Can you use shark bite fitting by code in MA. whats better pexs or shark bite to use.


----------



## Daniel Holzman (Mar 10, 2009)

Welcome to MA. In our great state, it is illegal so far as I understand to do your own plumbing, so in theory you can't use shark bites, PEX, copper or anything else. That said, if you are not too worried about pulling a permit and going legal, you can certainly use a shark bite. I prefer Wirsbo PEX put in with an expander tool, but I will admit I have used at least one shark bite when I ran out of PEX rings, and it worked fine.


----------



## Boston Bean (Aug 16, 2010)

Thanks I know it's illegal to do your own plumbing in MA but I was an apprentice plumber for 2 years (about 12 years ago) and I was at Home Depot and I saw the Pex system and the shark bite system.

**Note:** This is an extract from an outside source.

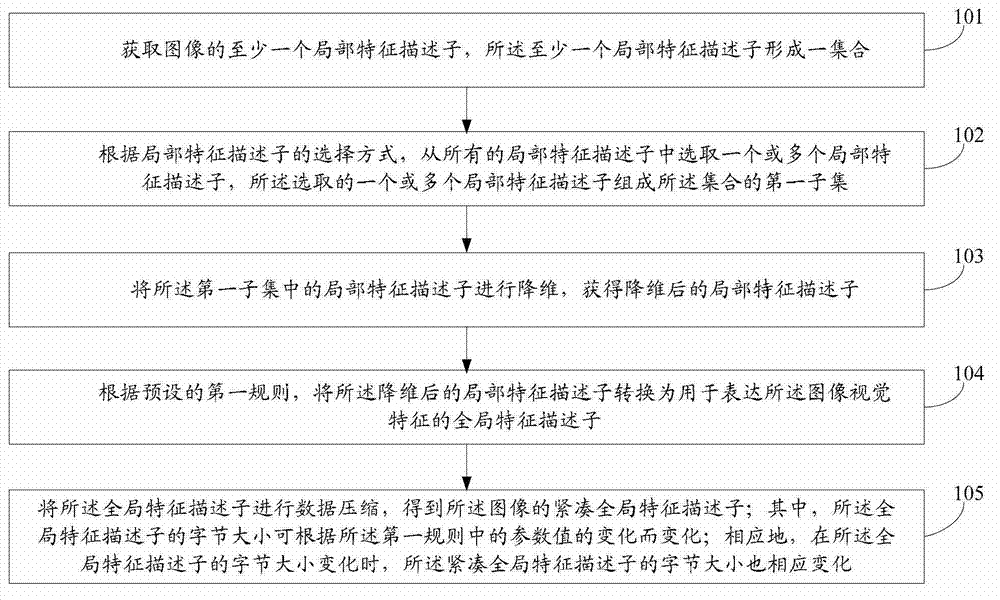 Method for obtaining compact global characteristic descriptors of images and image searching method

Just wondering which one was better and to see if it was up to code because it looks too easy.


----------



## Reddhead (Jul 3, 2010)

I'm kind of suspicious of Sharkbite fittings. If you don't have the PEX pipe lined up properly with the fitting it will leak. I used one to fix an outdoor faucet but I will be replacing it with a PEX fitting.


----------



## Boston Bean (Aug 16, 2010)

Reddhead said:


> I'm kind of suspicious of Sharkbite fittings. If you don't have the PEX pipe lined up properly with the fitting it will leak. I used one to fix an outdoor faucet but I will be replacing it with a PEX fitting.


What's the best clamp for pexs? they have two of them


----------



## Daniel Holzman (Mar 10, 2009)

There are several different systems for connecting PEX pipe. It seems each manufacturer has their own, the systems in general are not interchangeable. I use Wirsbo fittings, which include a PEX ring that is expanded using a special tool and then shrinks down over the PEX pipe and the fitting nub. Other systems use a copper or stainless ring. The sharkbite system uses an internal coupler. The Zurn system uses a crimper.

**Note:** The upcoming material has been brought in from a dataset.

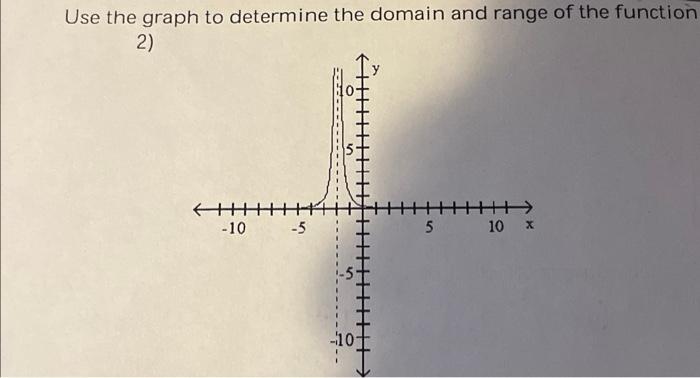 Solved Use the graph to determine the domain and range of | Chegg.com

I would be leery of the Zurn system, check out the lawsuit they are fighting regarding failed brass connectors. I also am a bit skeptical about sharkbites, however as I said I used one successfully. I have had little trouble with Wirsbo, however the tool is a bit pricey at about $300. I stopped using brass fittings after the Zurn problem, not I use plastic only, which cannot be reused if you need to modify the system. In theory the brass fittings could be reused, in practice to get the PEX off the fitting you need to cut the PEX, which if you nick the brass and reuse the fitting, it will leak, so I never reuse fittings.


----------



## the_man (Aug 14, 2010)

I prefer uponor (wirsbo) or copper crimp rings, but for diy i normally recommend the stainless pinch rings. One tool to do multiple sizes, and you don't have to spend over 100 bucks per tool. just make sure they are completely pinched and not pinched at an angle :thumbsup:


----------